[Start of section]

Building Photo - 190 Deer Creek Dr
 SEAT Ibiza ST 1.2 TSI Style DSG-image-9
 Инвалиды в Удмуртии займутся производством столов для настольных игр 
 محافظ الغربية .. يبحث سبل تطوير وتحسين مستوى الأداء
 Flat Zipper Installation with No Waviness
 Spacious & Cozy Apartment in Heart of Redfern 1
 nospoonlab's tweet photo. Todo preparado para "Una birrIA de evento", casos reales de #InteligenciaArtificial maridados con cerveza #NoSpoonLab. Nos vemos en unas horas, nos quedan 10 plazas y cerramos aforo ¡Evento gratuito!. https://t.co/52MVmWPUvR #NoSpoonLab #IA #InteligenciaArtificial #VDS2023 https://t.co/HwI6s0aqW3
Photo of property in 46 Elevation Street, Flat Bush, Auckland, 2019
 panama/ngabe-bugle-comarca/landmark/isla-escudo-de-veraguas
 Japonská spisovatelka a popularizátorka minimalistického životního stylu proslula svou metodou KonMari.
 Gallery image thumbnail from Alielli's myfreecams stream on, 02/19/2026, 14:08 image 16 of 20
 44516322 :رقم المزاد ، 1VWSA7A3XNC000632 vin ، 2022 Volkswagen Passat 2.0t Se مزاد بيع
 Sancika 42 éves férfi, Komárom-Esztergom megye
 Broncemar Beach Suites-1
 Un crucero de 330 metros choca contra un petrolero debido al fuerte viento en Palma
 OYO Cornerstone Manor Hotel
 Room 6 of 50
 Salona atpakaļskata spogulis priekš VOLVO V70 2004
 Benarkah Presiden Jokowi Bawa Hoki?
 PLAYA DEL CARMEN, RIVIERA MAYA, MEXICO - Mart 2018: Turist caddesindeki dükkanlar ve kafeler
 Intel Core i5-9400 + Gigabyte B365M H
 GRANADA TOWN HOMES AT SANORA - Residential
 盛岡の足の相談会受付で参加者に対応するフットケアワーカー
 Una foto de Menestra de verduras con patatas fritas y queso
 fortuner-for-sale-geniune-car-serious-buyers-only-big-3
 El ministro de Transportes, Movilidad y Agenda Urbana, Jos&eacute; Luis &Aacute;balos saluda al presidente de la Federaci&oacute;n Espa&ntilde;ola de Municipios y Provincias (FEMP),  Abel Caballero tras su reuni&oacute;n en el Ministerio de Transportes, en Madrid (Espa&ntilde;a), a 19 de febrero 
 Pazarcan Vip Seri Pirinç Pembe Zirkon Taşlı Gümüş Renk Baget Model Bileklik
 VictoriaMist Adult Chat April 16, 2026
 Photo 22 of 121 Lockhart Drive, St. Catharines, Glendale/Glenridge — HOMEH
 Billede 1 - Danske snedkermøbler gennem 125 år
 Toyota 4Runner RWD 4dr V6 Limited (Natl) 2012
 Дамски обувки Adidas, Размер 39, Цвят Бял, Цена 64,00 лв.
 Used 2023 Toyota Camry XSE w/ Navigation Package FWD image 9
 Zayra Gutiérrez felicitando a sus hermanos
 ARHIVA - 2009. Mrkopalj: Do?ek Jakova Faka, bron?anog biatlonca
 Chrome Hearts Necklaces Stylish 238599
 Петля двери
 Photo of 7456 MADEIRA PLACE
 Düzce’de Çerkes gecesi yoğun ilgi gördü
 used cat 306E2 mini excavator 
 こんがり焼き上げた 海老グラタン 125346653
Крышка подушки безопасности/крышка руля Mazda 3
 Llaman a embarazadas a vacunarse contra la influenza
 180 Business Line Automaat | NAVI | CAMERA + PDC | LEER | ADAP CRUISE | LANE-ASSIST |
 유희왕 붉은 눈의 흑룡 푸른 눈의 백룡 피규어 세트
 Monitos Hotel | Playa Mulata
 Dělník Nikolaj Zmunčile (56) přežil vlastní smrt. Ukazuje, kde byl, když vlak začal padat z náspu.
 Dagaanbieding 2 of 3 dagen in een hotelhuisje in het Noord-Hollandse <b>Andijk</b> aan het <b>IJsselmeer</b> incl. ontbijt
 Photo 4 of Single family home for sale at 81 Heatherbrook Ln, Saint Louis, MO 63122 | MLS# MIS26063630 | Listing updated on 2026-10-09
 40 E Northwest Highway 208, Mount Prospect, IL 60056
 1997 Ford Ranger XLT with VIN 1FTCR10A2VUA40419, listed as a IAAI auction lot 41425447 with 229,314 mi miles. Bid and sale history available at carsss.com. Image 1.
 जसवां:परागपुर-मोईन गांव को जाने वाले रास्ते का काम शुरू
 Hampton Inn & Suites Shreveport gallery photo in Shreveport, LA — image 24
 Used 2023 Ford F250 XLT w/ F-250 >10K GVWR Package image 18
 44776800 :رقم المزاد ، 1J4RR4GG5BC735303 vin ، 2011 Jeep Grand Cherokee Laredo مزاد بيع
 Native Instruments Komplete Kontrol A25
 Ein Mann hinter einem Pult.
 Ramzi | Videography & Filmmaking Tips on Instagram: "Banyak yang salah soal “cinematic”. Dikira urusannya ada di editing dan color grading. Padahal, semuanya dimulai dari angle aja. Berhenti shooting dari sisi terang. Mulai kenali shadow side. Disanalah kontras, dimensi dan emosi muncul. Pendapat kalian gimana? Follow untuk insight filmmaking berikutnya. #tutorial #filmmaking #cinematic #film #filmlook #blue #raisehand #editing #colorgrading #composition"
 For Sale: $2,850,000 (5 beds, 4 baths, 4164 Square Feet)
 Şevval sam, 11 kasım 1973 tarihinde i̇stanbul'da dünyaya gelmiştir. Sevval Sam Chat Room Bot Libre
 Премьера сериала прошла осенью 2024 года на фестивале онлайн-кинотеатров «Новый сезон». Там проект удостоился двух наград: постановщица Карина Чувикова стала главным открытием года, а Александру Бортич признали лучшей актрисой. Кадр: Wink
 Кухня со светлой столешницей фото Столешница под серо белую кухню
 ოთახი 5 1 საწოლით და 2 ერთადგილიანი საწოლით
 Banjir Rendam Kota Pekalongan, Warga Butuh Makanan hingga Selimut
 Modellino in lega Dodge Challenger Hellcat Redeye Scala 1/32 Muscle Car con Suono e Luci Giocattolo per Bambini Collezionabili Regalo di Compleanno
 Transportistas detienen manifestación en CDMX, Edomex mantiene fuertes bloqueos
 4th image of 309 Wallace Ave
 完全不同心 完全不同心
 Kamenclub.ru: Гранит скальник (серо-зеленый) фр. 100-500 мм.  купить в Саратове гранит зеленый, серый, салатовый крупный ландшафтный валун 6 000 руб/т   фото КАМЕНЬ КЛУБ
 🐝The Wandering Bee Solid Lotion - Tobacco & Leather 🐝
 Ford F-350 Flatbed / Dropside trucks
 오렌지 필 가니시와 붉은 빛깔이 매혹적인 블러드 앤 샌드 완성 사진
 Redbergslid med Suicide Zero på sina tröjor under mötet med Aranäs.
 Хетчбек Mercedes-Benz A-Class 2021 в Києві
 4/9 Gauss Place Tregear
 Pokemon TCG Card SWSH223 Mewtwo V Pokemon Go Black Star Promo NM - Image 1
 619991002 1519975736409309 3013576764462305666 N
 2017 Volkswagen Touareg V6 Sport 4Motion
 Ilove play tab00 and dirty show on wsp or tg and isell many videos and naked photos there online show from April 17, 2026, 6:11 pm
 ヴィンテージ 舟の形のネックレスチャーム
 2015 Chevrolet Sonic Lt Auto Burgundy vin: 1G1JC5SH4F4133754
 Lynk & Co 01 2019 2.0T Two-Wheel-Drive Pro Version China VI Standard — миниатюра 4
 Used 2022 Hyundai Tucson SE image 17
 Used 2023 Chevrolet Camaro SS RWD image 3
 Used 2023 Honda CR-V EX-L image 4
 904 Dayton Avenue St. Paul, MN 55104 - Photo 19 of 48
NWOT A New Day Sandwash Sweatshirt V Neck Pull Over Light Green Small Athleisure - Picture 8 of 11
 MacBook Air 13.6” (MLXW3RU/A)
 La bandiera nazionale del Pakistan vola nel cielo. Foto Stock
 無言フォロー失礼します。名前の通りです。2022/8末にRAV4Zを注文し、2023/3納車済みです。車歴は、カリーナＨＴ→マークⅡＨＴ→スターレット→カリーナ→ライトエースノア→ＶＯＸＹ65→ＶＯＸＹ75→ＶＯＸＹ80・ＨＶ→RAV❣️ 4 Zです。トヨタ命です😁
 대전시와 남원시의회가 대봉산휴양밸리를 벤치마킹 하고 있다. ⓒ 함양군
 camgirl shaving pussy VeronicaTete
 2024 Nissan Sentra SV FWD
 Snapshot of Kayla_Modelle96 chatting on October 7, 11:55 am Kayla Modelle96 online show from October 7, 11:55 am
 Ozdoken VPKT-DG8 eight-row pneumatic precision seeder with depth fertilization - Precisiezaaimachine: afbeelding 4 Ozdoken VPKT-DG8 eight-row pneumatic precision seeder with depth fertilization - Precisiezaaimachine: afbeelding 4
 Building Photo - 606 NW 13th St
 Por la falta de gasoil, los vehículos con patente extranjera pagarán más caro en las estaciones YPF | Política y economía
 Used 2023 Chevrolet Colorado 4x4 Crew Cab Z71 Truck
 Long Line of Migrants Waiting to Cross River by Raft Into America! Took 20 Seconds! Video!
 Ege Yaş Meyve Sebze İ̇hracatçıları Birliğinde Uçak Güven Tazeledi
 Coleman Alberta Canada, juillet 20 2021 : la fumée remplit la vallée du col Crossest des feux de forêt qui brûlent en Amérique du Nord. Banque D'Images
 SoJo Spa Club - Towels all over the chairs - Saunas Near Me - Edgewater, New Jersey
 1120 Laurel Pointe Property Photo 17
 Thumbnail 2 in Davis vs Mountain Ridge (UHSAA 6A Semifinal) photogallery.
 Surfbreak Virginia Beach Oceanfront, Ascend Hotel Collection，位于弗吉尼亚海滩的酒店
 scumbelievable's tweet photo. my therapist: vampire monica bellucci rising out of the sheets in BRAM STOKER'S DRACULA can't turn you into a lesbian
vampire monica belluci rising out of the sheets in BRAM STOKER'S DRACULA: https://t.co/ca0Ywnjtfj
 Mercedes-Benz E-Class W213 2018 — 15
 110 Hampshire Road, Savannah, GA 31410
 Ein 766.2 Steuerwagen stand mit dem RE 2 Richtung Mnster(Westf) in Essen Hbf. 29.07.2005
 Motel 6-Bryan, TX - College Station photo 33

[End of section]

Give back exactly the lines from the one containing "Long Line of" through the end of the material above, and nothing else.

 Long Line of Migrants Waiting to Cross River by Raft Into America! Took 20 Seconds! Video!
 Ege Yaş Meyve Sebze İ̇hracatçıları Birliğinde Uçak Güven Tazeledi
 Coleman Alberta Canada, juillet 20 2021 : la fumée remplit la vallée du col Crossest des feux de forêt qui brûlent en Amérique du Nord. Banque D'Images
 SoJo Spa Club - Towels all over the chairs - Saunas Near Me - Edgewater, New Jersey
 1120 Laurel Pointe Property Photo 17
 Thumbnail 2 in Davis vs Mountain Ridge (UHSAA 6A Semifinal) photogallery.
 Surfbreak Virginia Beach Oceanfront, Ascend Hotel Collection，位于弗吉尼亚海滩的酒店
 scumbelievable's tweet photo. my therapist: vampire monica bellucci rising out of the sheets in BRAM STOKER'S DRACULA can't turn you into a lesbian
vampire monica belluci rising out of the sheets in BRAM STOKER'S DRACULA: https://t.co/ca0Ywnjtfj
 Mercedes-Benz E-Class W213 2018 — 15
 110 Hampshire Road, Savannah, GA 31410
 Ein 766.2 Steuerwagen stand mit dem RE 2 Richtung Mnster(Westf) in Essen Hbf. 29.07.2005
 Motel 6-Bryan, TX - College Station photo 33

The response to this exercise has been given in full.